Jake Wharton has published an article titled Just Say mNo to Hungarian Notation and if you agree with what he says, here's a little tip to help you remember to say mNo by making use of the Search Structurally feature of Studio.

So let's start off with a very simple app with The Disease in there.

Basic app

So let's start off by finding the offending name. Use the Find Action shortcut (Shift-Command-A for Mac, Ctrl-Shift-A for Linux/Windows) and type in "Search Structurally"

Search Structurally

This will bring up the Search Template. Hit the button to Copy Template and select "all fields of the class". The template should now look like this:

Search Template

Hit the button Edit variables and select the FieldName variable from the list. In the Text/regexp fields enter (m|s)[A-Z].*

This regular expression will match any string that starts with a lower case 'm' or 's' followed by a capital letter. Feel free to experiment and change this to suit. This was just a quick hack and worked for me, but might not for you.

Edit Variables

Once you've hit ok you can click on Find and see what the search finds. There will probably be many more results than you expect as it looks through a lot of code by default - generated code, some API code. Try experimenting with the Scope before you hit Find to see if you can make it just search your code.

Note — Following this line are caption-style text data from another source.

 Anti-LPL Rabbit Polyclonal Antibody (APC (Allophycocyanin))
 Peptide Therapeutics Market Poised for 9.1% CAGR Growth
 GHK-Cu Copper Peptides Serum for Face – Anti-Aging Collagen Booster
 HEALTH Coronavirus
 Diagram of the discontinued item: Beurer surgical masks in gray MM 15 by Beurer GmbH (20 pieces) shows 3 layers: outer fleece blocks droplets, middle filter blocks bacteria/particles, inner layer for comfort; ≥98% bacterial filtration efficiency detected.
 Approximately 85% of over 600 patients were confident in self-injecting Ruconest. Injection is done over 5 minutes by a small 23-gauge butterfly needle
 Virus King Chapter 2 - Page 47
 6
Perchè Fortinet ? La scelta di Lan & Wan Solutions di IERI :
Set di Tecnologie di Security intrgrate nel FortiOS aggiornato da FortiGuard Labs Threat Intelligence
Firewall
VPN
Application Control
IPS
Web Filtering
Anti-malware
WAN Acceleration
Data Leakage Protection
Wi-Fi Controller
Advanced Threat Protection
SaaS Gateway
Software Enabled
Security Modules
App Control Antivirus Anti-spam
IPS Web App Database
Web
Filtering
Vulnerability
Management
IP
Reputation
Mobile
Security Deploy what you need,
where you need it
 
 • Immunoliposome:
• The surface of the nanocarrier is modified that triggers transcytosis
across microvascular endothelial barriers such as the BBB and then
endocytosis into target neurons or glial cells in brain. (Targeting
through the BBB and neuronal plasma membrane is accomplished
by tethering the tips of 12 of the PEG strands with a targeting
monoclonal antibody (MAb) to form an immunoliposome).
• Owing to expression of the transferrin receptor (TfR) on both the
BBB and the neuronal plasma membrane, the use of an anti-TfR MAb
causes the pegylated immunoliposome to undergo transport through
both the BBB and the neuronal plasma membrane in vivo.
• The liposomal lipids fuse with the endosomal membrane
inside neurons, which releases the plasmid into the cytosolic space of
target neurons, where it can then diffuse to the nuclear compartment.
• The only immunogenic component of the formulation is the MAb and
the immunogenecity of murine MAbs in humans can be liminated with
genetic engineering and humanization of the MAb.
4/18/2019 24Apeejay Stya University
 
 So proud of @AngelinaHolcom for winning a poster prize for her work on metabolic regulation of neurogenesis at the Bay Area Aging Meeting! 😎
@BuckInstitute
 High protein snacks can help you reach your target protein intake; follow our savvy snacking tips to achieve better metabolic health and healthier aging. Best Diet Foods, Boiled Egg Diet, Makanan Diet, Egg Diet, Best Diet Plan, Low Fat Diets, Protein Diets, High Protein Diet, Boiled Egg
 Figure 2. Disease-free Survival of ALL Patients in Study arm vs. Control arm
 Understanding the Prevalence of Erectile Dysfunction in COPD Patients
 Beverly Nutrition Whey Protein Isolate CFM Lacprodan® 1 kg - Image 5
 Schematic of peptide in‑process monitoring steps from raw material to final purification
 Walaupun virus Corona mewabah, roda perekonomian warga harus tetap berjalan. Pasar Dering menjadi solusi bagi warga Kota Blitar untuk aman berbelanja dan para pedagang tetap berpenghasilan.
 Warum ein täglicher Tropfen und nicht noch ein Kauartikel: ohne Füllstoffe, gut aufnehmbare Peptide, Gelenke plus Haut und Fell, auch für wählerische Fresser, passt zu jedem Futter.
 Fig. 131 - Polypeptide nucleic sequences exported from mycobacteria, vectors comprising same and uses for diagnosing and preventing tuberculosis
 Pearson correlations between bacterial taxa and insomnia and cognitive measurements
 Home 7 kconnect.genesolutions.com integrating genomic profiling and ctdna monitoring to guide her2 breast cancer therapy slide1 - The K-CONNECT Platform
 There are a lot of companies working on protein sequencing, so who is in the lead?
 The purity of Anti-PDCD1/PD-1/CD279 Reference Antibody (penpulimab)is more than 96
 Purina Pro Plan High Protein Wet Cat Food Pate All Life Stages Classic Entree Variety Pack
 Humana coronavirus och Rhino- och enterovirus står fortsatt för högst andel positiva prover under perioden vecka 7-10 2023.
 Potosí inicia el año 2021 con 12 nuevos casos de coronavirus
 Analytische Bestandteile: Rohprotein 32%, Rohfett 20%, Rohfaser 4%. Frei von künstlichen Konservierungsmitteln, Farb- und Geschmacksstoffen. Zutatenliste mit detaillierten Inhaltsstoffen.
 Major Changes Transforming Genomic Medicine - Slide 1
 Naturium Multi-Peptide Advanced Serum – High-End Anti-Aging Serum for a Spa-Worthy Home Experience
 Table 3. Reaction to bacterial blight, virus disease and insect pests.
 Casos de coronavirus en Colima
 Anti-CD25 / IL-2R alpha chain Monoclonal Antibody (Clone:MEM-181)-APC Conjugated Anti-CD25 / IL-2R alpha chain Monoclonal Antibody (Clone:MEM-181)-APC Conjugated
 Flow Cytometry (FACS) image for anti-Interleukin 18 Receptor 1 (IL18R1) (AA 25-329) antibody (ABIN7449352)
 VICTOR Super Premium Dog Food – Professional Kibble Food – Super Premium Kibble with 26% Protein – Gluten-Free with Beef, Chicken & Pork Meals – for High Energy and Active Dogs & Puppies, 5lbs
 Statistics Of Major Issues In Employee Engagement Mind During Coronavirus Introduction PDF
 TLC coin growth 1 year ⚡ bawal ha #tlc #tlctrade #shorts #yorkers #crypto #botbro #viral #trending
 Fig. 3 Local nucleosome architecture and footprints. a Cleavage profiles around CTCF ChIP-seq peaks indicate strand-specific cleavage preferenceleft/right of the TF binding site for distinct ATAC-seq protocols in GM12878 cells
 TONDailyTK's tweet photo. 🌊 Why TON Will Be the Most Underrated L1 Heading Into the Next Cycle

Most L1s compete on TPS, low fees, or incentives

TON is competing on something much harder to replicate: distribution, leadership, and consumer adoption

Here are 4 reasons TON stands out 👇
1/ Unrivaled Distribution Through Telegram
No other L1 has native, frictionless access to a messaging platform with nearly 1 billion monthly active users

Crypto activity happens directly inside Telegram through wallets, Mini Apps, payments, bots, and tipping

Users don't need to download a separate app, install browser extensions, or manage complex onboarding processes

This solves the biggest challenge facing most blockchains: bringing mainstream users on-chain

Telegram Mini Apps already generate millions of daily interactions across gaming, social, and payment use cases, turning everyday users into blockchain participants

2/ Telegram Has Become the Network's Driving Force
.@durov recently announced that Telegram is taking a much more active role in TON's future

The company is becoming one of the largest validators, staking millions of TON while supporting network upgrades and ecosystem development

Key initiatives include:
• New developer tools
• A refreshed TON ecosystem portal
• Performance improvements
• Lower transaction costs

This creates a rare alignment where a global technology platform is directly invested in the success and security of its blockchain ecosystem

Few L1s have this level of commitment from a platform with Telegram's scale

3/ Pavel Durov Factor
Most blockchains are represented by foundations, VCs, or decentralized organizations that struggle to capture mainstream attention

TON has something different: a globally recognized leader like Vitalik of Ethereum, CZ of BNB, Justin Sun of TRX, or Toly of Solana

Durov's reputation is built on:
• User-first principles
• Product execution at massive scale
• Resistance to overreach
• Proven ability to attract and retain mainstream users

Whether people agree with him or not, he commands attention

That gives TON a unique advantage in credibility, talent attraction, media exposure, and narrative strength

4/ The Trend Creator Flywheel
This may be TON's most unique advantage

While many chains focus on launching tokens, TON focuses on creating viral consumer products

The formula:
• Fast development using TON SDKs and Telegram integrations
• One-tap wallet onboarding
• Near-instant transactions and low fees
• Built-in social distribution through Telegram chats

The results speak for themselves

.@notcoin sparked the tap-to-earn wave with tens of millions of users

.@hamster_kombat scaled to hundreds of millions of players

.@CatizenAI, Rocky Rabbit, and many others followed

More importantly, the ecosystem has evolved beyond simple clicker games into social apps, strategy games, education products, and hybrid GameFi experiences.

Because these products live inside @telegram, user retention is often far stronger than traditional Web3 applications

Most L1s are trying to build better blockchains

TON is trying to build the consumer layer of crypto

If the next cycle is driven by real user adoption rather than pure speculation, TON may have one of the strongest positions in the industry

The result should show something like this:

Running the search

I've highlighed the deviant in our example code.

That's all well and good, but it's a pain to have to run that every so often to find any slip-ups you've made. So let's make it better. Bring up the Preferences of Studio, go to Inspections -> General and look for Structural Search Inspection.

Preferences

Tick the box and then click on the little plus sign. From the pop-up menu click on Add Search template...

Adding the template

The familiar Structural Search template window pops up with the last structural search you did. Hit OK and give the template a name.

Naming it

By default this will show in Studio as a warning, but we want to eradicate The Disease, so we're going to change it so that it's a error. So click on the Severity drop down and make the change.

Changing the severity

Hit OK and have a look what it has done to the code.

The finished product

And would you look at that? The red wiggly line of doom has appeared over our variable. If we hover our mouse over it we are told the error of our ways.

Studio also has Replace Structurally. I tried - and failed - to get it to turn the error into a quickfix, i.e. remove the 'm' or 's' and lowercase the first letter of what's left. Perhaps someone who knows a little more than me can sort that out. But at least this is a start.